Regarding claim 7, Wang in view of Bouguerra teaches the method according to claim 1, wherein the images comprises faces of more than one person (Since Wang as modified by Bouguerra is directed to a talking head technique used in a video chat environment, a person skilled in the art would infer that a first video comprises the face of a first user, and a second video comprises the face of a second user. This could be interpreted as “the images (the video frames of the first and second videos) comprise faces of more than one person”), the method comprising:
receiving a selection input to select one or more person with one or more faces from the one or more images received, 
generating a scene image showing the one or more persons with one or more faces based on the selection input, 
processing the scene image, the audio data, and the facial movement data, and generating an animation of more than one person enacting the message (Bouguerra, par. 64: “In one embodiment, when a user of a client device selects an animated video emoticon, the animated video emoticon is applied to the video captured by the first client device before it is transmitted to another client device. However, the user of the client device may additionally or alternatively select to apply an animated video emoticon to a video stream received from the other client device. For example, a first friend may want to see what his video-chat buddy would look like `surprised`, and so the first friend may invoke the `surprised` video emoticon on the video stream depicting his buddy”. In particular, instead of applying the animation to the user’s own images, the user can select a friend that he or she is chatting with, and apply the animation the friend’s images).

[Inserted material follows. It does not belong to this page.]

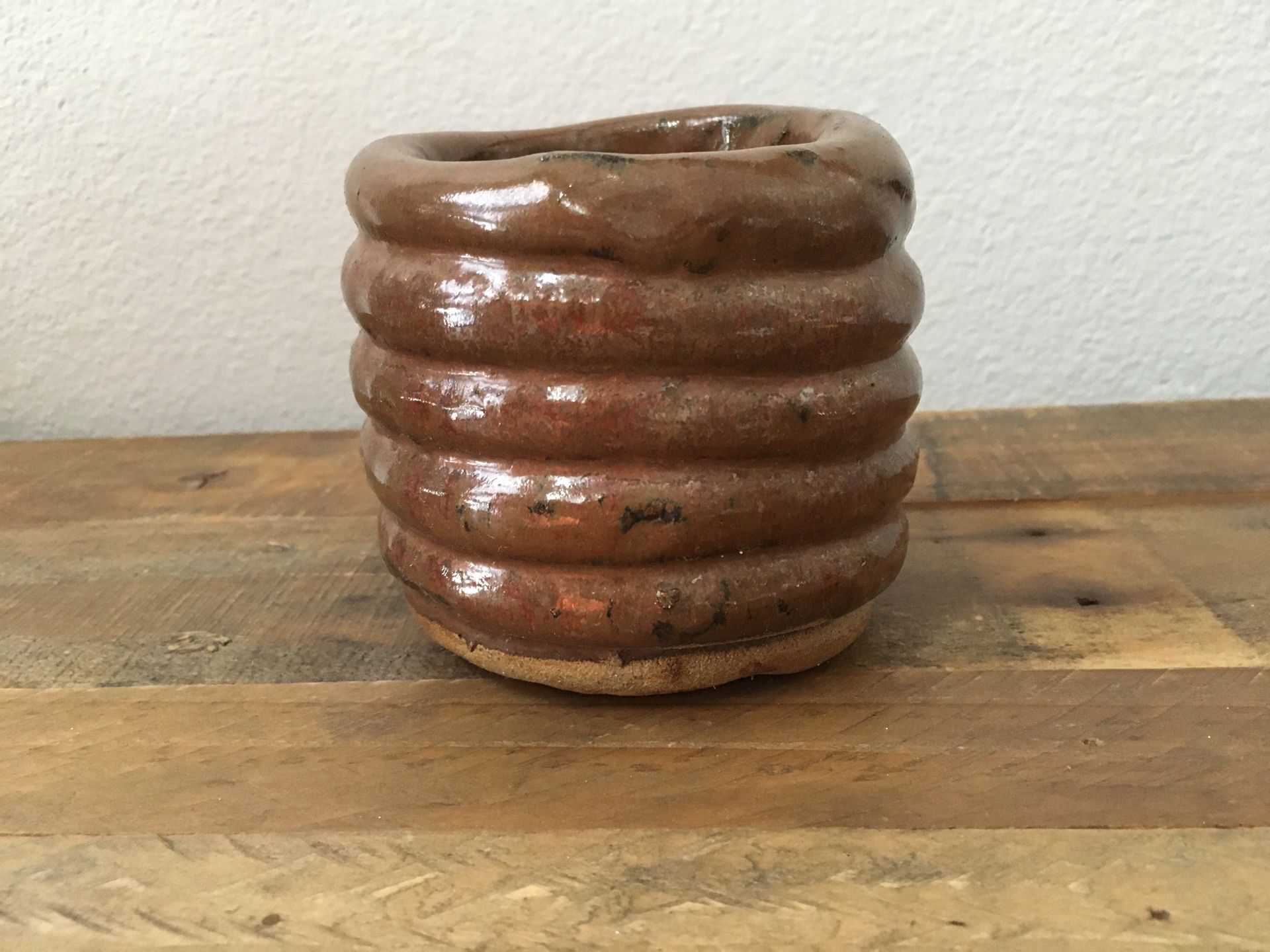 Garden ceramic glazed clay planter pot 3.5”dx3.5”h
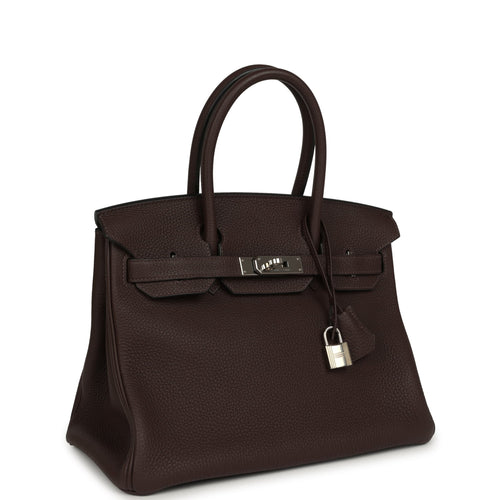 Pre-owned Hermes Birkin 30 Chocolate Togo Palladium Hardware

Regarding claim 8, Wang in view of Bouguerra teaches the method according to claim 1, comprising:
receiving a chat request made by a user with at least another user,
establishing a chat environment between the users based on the chat request,
receiving at least one image representative of at least one of the users, wherein the image comprising at least one face,
receiving a message from at least one of the users in the chat environment, wherein the message comprises at least a text or an emotional and movement command (Since Bouguerra teaches animating facial images in a video chat environment, a person skilled in the art would infer that the above steps (i.e. receiving a chat request, establishing a chat environment, receiving images of users, and receiving messages exchanged between the users) are inherent in any video chat application).

Regarding claim 9, Wang in view of Bouguerra teaches the method according to claim 8, wherein the message from a first computing device is received at a second computing device (Fig. 1 of Bouguerra suggests this limitation because Bouguerra teaches a video chat environment. For example, a user of video chat client device 101 can send a message with emoticons to video chat client device 102), and processing the one or more images, the audio data, and the facial movement data, and generating an animation of the person enacting the message in the chat environment (Bouguerra, pars. 64, 69 and 75 and Wang, Abstract).

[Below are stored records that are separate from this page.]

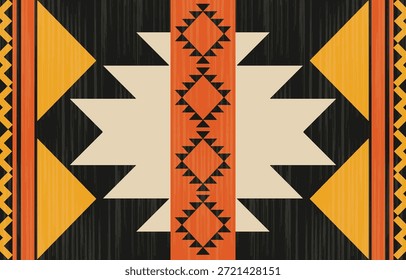 Patrón sin costuras de los nativos americanos del suroeste, diseño textil geométrico azteca navajo boho tribal, fondo de tela étnica del desierto.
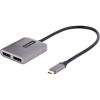 StarTech.com USB-C to Dual Displayport 1.4 Adapter, USB Type-C Muliti-Monitor MST Hub, Dual 5K 60Hz DP Laptop Display Extender / Splitter, HDR, Extra-Long Built-In Cable, Windows Only (MST14CD122DP)(2 x DP 1.4)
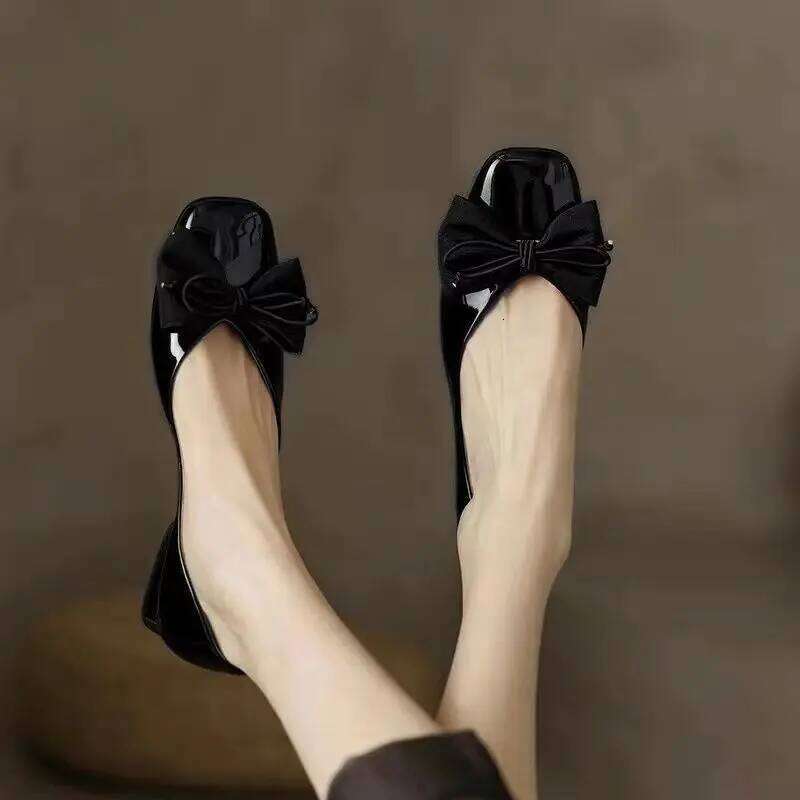 Black Kawaii Ladies Summer Footwear Square Toe Cute Low Heel Elegant with Bow Shoes for Women 2025 Red Y2k on Offer Chic Point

Claim(s) 10 and 11 is/are rejected under 35 U.S.C. 103 as being unpatentable over Wang in view of Bouguerra as applied to respective claims 9 and 1 above, and further in view of Sun et al. (Pub. No. US 2007/0216675).

Regarding claim 10, Wang in view of Bouguerra teaches the method according to claim 9, wherein the images comprise faces of more than one person (Since Wang in view of Bouguerra is directed to a talking head technique used in a video chat environment, a person skilled in the art would infer that a first video comprises the face of a first user, and a second video comprises the face of a second user. This could be interpreted as “the images (the video frames of the first and second videos) comprise faces of more than one person”), the method comprising:


processing 
In the same field of video chatting/conferencing, Sun teaches receiving images representative of more than one users in a chat environment, and processing the images, and generating a scene image showing the users in the chat environment (See Fig. 2 and pars. 24 and 29. In particular, a user can select an arbitrary background image to replace a current background in an image. The background image could be interpreted as a scene image).
In light of the above teaching of Sun, it would have been obvious to one skilled in the art before the effective filing date of the claimed invention to further modify Wang by receiving at least one image representative of more than one users in the video chat environment, processing the at least one image, and generating a scene image showing the users in the chat environment, and processing the scene image, the audio data, and facial movement data, and generating an animation of the person enacting the message in the chat environment. The motivation would have been to give the user an option to replace the current background with a scene image that he or she likes.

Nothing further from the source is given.